| Recorded data |
---------------

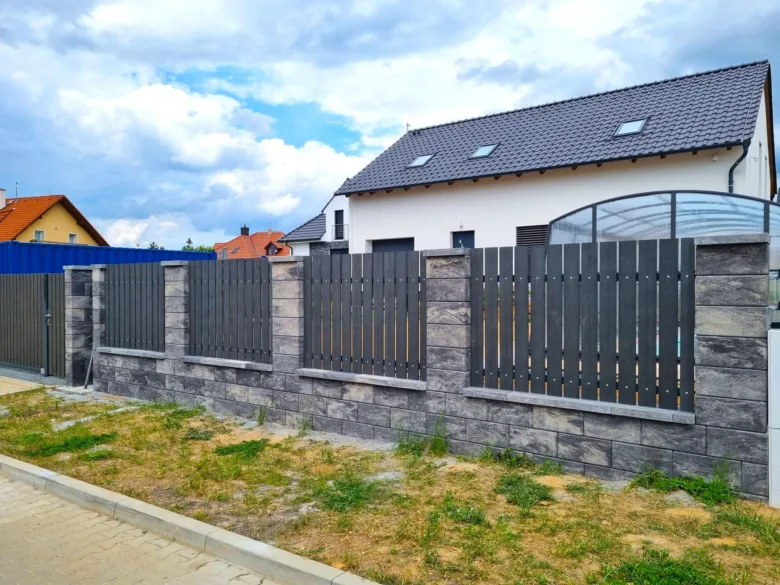 Moderní plot z pohledového betonu s tmavými lamelami u domu.
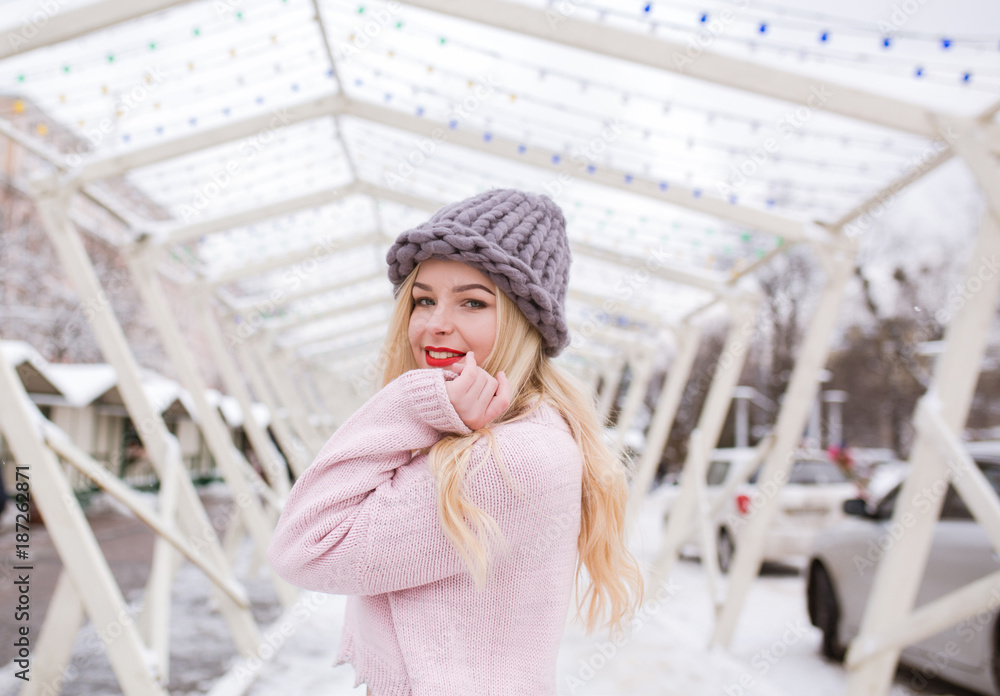 Outdoor portrait of cheerful blonde woman with bright makeup, wearing trendy knitted hat and sweater, posing at the city in winter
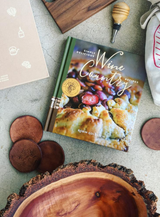 The Wine Country Cookbook rests on a stone surface, surrounded by wooden coasters, a bowl, a wine bottle stopper, and part of a cloth bag—an ideal companion for wine country cooking and tasting.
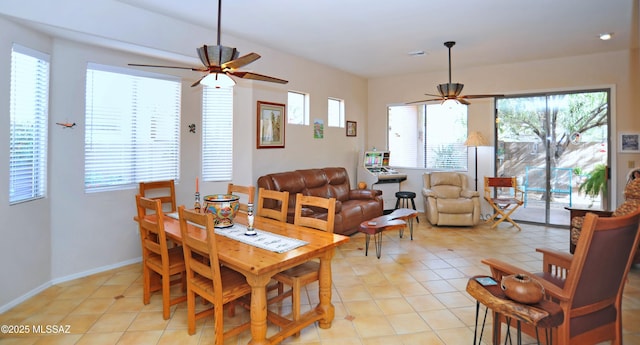 dining area featuring light tile patterned flooring, a ceiling fan, and baseboards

---------------

| What you are asked to do |
Restate the full listing verbatim and drop every picture.

| Exercise result |
 Moderní plot z pohledového betonu s tmavými lamelami u domu.
 Outdoor portrait of cheerful blonde woman with bright makeup, wearing trendy knitted hat and sweater, posing at the city in winter
 The Wine Country Cookbook rests on a stone surface, surrounded by wooden coasters, a bowl, a wine bottle stopper, and part of a cloth bag—an ideal companion for wine country cooking and tasting.
 dining area featuring light tile patterned flooring, a ceiling fan, and baseboards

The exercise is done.